BEGIN INFORMATION SUPPLIED

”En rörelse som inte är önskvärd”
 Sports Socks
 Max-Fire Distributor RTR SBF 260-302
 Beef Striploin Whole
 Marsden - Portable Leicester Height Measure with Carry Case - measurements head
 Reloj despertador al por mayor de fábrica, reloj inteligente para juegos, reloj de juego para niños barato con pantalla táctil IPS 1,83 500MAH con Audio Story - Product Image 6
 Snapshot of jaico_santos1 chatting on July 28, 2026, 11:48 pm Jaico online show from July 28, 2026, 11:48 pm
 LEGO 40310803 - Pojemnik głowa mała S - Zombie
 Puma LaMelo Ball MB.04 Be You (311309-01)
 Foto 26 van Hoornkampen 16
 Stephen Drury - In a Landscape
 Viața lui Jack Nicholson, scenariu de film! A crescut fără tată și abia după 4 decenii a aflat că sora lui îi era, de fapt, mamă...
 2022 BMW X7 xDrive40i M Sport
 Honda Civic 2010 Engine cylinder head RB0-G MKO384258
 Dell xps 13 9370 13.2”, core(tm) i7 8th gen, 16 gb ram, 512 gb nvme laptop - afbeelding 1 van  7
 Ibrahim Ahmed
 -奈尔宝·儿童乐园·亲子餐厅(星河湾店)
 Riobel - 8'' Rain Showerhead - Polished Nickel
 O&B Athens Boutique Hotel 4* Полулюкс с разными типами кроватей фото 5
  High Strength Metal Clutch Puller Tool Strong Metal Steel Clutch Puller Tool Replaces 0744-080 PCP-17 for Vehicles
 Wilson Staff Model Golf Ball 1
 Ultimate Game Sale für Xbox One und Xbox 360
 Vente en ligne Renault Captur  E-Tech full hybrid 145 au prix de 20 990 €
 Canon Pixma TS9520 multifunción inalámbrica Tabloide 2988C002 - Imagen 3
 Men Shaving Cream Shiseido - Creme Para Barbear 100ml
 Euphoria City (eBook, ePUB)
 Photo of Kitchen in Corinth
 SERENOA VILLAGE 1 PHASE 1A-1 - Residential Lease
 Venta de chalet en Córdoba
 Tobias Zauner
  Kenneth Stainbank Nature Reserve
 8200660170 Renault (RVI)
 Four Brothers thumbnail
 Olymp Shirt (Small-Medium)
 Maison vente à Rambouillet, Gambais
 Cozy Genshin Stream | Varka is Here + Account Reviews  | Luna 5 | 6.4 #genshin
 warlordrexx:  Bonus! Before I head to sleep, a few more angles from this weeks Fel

END INFORMATION SUPPLIED

● WORK REQUEST: Please copy out each entry exactly as it appears above.

● WORKED SOLUTION:
”En rörelse som inte är önskvärd”
 Sports Socks
 Max-Fire Distributor RTR SBF 260-302
 Beef Striploin Whole
 Marsden - Portable Leicester Height Measure with Carry Case - measurements head
 Reloj despertador al por mayor de fábrica, reloj inteligente para juegos, reloj de juego para niños barato con pantalla táctil IPS 1,83 500MAH con Audio Story - Product Image 6
 Snapshot of jaico_santos1 chatting on July 28, 2026, 11:48 pm Jaico online show from July 28, 2026, 11:48 pm
 LEGO 40310803 - Pojemnik głowa mała S - Zombie
 Puma LaMelo Ball MB.04 Be You (311309-01)
 Foto 26 van Hoornkampen 16
 Stephen Drury - In a Landscape
 Viața lui Jack Nicholson, scenariu de film! A crescut fără tată și abia după 4 decenii a aflat că sora lui îi era, de fapt, mamă...
 2022 BMW X7 xDrive40i M Sport
 Honda Civic 2010 Engine cylinder head RB0-G MKO384258
 Dell xps 13 9370 13.2”, core(tm) i7 8th gen, 16 gb ram, 512 gb nvme laptop - afbeelding 1 van  7
 Ibrahim Ahmed
 -奈尔宝·儿童乐园·亲子餐厅(星河湾店)
 Riobel - 8'' Rain Showerhead - Polished Nickel
 O&B Athens Boutique Hotel 4* Полулюкс с разными типами кроватей фото 5
  High Strength Metal Clutch Puller Tool Strong Metal Steel Clutch Puller Tool Replaces 0744-080 PCP-17 for Vehicles
 Wilson Staff Model Golf Ball 1
 Ultimate Game Sale für Xbox One und Xbox 360
 Vente en ligne Renault Captur  E-Tech full hybrid 145 au prix de 20 990 €
 Canon Pixma TS9520 multifunción inalámbrica Tabloide 2988C002 - Imagen 3
 Men Shaving Cream Shiseido - Creme Para Barbear 100ml
 Euphoria City (eBook, ePUB)
 Photo of Kitchen in Corinth
 SERENOA VILLAGE 1 PHASE 1A-1 - Residential Lease
 Venta de chalet en Córdoba
 Tobias Zauner
  Kenneth Stainbank Nature Reserve
 8200660170 Renault (RVI)
 Four Brothers thumbnail
 Olymp Shirt (Small-Medium)
 Maison vente à Rambouillet, Gambais
 Cozy Genshin Stream | Varka is Here + Account Reviews  | Luna 5 | 6.4 #genshin
 warlordrexx:  Bonus! Before I head to sleep, a few more angles from this weeks Fel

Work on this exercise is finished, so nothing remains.